Pages

Tuesday, June 09, 2026

I really think this one is worth reading.

"Who Gets Believed? by Dina Nayeri – why asylum seekers struggle to be understood"

https://www.theguardian.com/books/2023/mar/12/who-gets-believed-when-the-truth-isnt-enough-by-dina-nayeri-why-asylum-seekers-struggle-to-be-understood

"Nayeri learned the value of performance early. Fleeing Isfahan after Iran’s Islamic revolution with her Christian mother, she wound up at a refugee camp outside Rome. Little Dina would sit around campfires with other refugees “practising, tailoring our stories for asylum officer[s], knowing that our lives depended on what the officer found credible”.

Later, during her training at Harvard Business School and then working for management consultant McKinsey, Nayeri became fully fluent in the “glossolalia” of business speak, deploying to clients such aggressively meaningless phrases as “directionally correct”, “outperforming at scale” and, my favourite, “achieving granularity”.

What Nayeri learned, she writes, “is how to be believed – how to be the one people want to believe, feel safe believing”. Sri Lankan torture victims and Ugandan lesbian asylum seekers rarely get such training.

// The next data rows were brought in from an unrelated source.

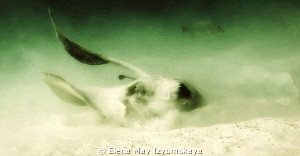 Fantail stingray by Elena May Izyumskaya 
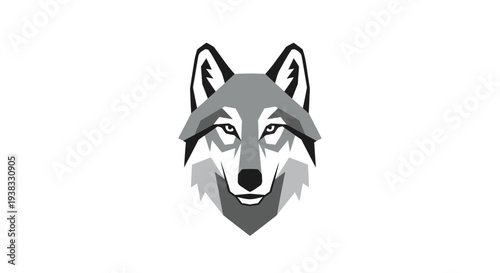 Gray wolf head illustration closeup.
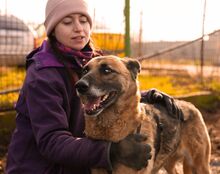 MINERVA, Hund, Deutscher Schäferhund in Rumänien - Bild 3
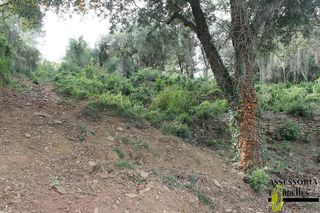 Terreno en venta en Torrelles de Llobregat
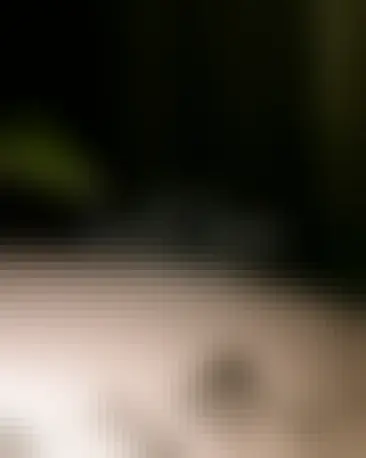 Smo na zimskem premoru do 14. februarja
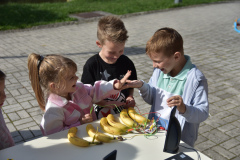 ДСЦ-0907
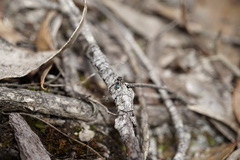 Maratus karrie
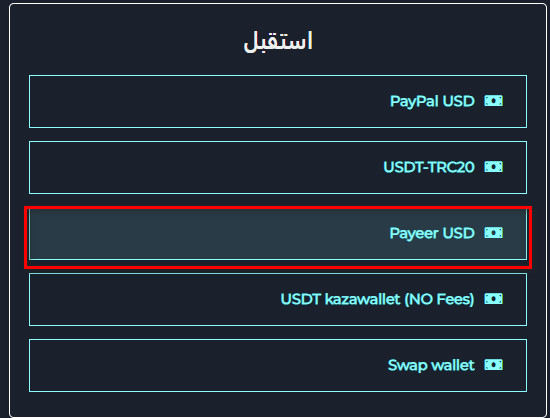 Payeer USD
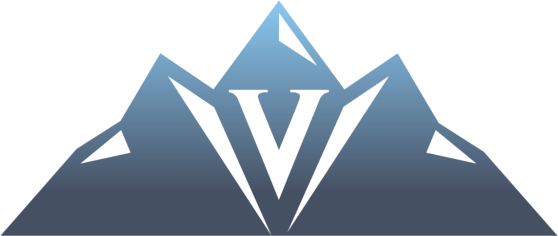 Valor Institute Logo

“The refugee in me fumed,” writes Nayeri. “These lessons exist, have long existed and have been handed to those who need them least. The rules were created for the children of the (native and colonising) rich. I just happened to be in the room.” The author now teaches creative writing in the UK at St Andrews University, no doubt coaching students in how to give literary performances believable enough to woo cultural gatekeepers – agents, publishers, critics – as she has."